01. Besonders sein
02. Systemfehler feat. Petrus
03. Kontraste feat. Inzoe
04. Papa
05. Placebo
06. Antihelden feat. Lakmann
07. Katharsis feat. Nazz
08. Aussenseiter
09. Weg zum Glück
10. Ausgegrenzt
11. Prometheus
12. Rockyskit
13. Fels in der Brandung
14. Rückenwind
15. Yin und Yang feat. Cr7z
16. Sonnenschein feat. Petrus
17. Schattenspiel
Schlägt man das Wort "Aussenseiter" nach, findet man folgende oder eine ähnliche Definition: "Der Begriff bezeichnet individuelle Menschen oder Gruppen von Menschen, die einer sozialen Gemeinschaft zwar zugehören, in diese Gemeinschaft aber nicht vollständig integriert sind." "Aussenseiter" ist aber ebenso der Name des neuen Albums des Wuppertaler Rappers Sinuhe. Worum geht es also auf diesem Release? Fehlende Zugehörigkeit, Einsamkeit und Abgeschiedenheit? Das sind die Erwartungen, die ich bei einem solchen Titel an das Album habe. Oder kann der Begriff "Aussenseiter" auch positiv behaftet sein? Gespannt starte ich die Wiedergabe.
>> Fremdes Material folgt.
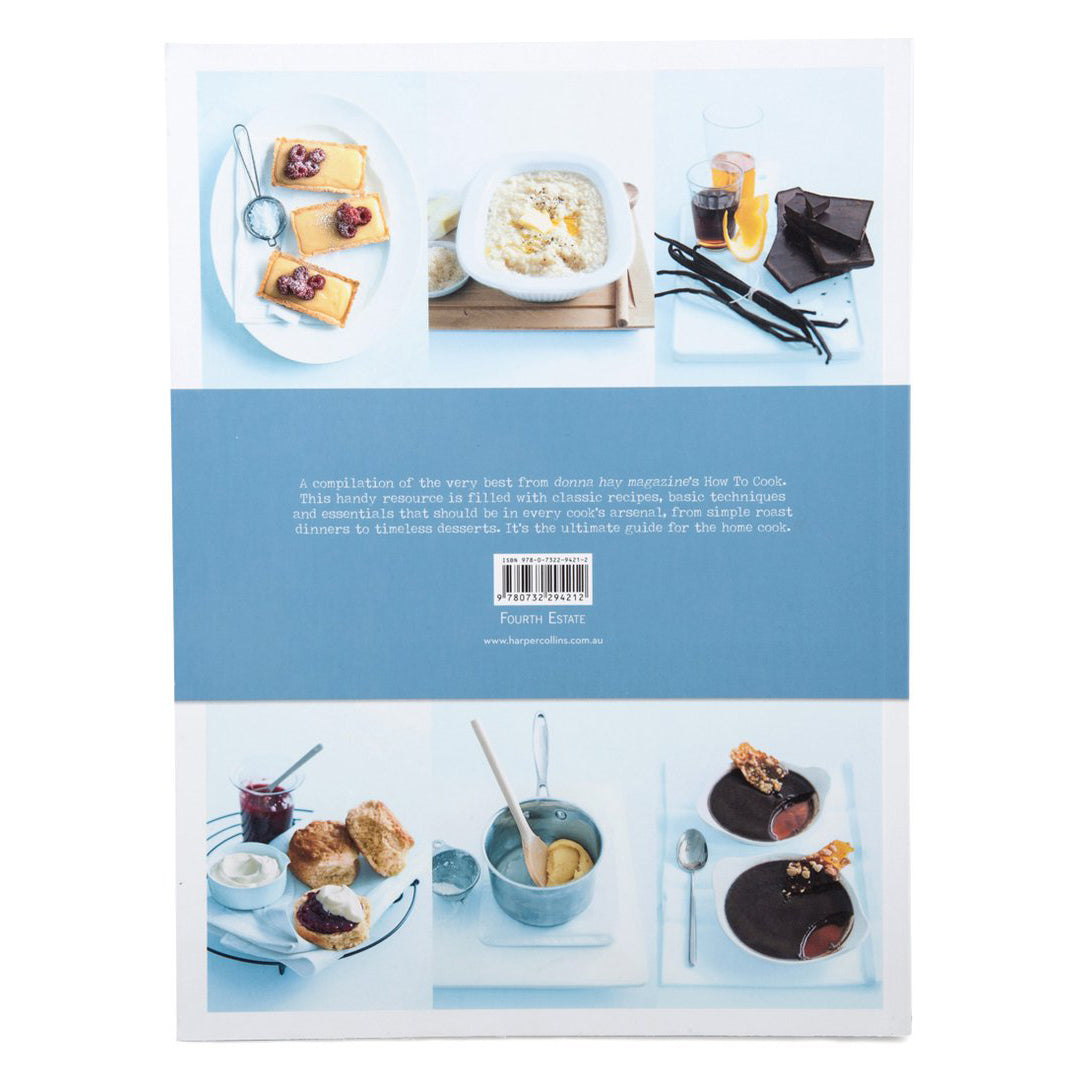 Donna Hay: A Cook's Guide Cookbook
"Lass dich nicht irre machen und geh deinen Weg/
Du musst es nicht jedem recht machen, nur dir, das genügt/
Halt dich fern von den Lügnern und den negativen Typen/
Halte dich an die Familie – sie wird dich behüten/"
(Sinuhe auf "Besonders sein")
Schon im ersten Lied des Albums lässt sich erahnen, wohin die Reise thematisch gehen wird. "Besonders sein" ist ein Aufruf an die eigene Einzigartigkeit und Vernunft des Menschen. Auf einem stimmungsvollen Piano-Beat von Epic Infantry, die übrigens das gesamte Werk produziert haben, flowt Sinuhe mit seiner sehr eigenen Aussprache und erzeugt damit eine äußerst dichte Atmosphäre. Nur schade, dass diese ab und an durch platte Lines wie "Es is' Zeit, jetzt ihr Leben in die Hand zu nehmen wie ein iPad" unterbrochen wird. Von der Thematik der Hoffnung geht es weiter zum Gegenteiligen. Mit "Systemfehler" übt Sinuhe Gesellschaftskritik. Der Staat, Arbeitslosigkeit, Lebensumstände und auch die Menschen selbst. Alles läuft falsch. Petrus, wie sich der werte Herr nennt, der Sinuhe bei dieser Schwarzmalerei unterstützt, ist in seinem Part ganz ähnlicher Meinung. Thematisch ist das aber leider nicht das Innovativste. Zu oft schon gab es vegleichbare Deutschrap-Tracks mit ähnlichen Inhalten. Man hat beim Hören andauernd das Gefühl, alles schon mal gehört zu haben. Rübergebracht wird das Ganze auf einem Beat, bestehend aus kraftvollen Drums, Geigen und einem Sängerinnen-Sample im Hintergrund. Dieser Beat fängt die Stimmung und den Rapstil der beiden Interpreten perfekt ein. Auch raptechnisch harmonieren Sinuhe und Petrus super durch ihre ähnlichen Stimmlagen und Flows.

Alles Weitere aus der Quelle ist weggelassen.